Ora, para tornar possível o usufruto deste dom amorável e sacrificial da
Eucaristia realmente instituída, temos a participação dos ministros no
sacerdócio de Jesus, Sumo, Eterno e verdadeiramente Único Sacerdote que,
instruindo-se a si mesmos e aos outros no ensino dos apóstolos, repetem as
palavras e os gestos de Jesus sobre o pão e o vinho, que oferecem em sacrifício
ao Pai e dão em comunhão – tudo em memória de Jesus e sua pura e santa oblação.

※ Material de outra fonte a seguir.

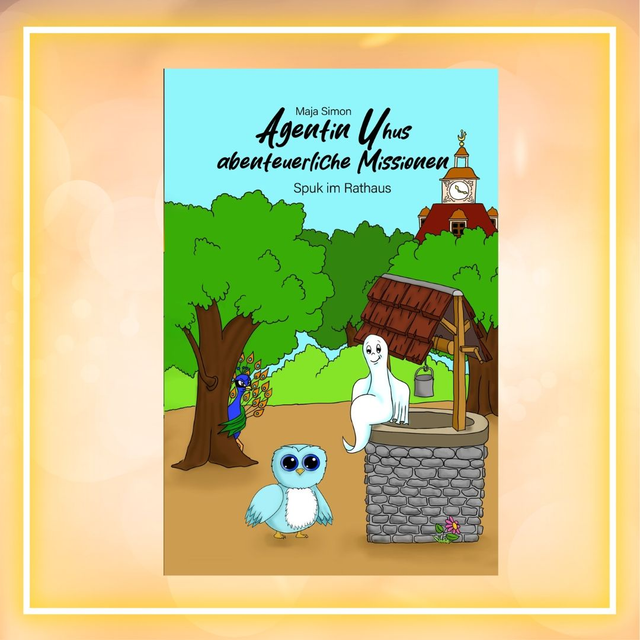 Agentin Uhus abenteuerliche Missionen - Spuk im Rathaus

Por consequência necessária, promovem e orientam, como verdadeiros líderes o
serviço às consciências e às mesas e a colmatação das necessidades de todos e
de cada um, levando o facho da palavra, da santidade e da justiça na caridade
às mais longínquas periferias existenciais. No entanto, será paupérrima a ação
dos ministros sagrados se não conseguem congregar toda a plêiade de crentes
que, incorporados em Cristo e na sua Igreja pelo Batismo e confirmados pelo
Crisma da Salvação, são ungidos no Espírito Santo para a consagração de entrega
oblativa e missão sustentada exercendo sacerdotalmente em união com os
ministros o múnus sacerdotal – deste sacerdócio comum que nos capacita e insta
a oferecermos Cristo ao Pai oferendo-nos com Cristo em reparação de nossos
erros e dos erros dos outros. Também todos somos sacerdotes intercessores pelos
outros junto do Pai e missionários junto dos outros.
Quinta-feira Santa não é o único dia sacerdotal: é, antes, o primeiro do
tríduo pascal – um verdadeiro dia da Igreja – e o primeiro de muitíssimos dias
sacerdotais. Basta que haja ensino de Evangelho, Eucaristia, com perdão das
ofensas, amor e serviço, intercessão e missão!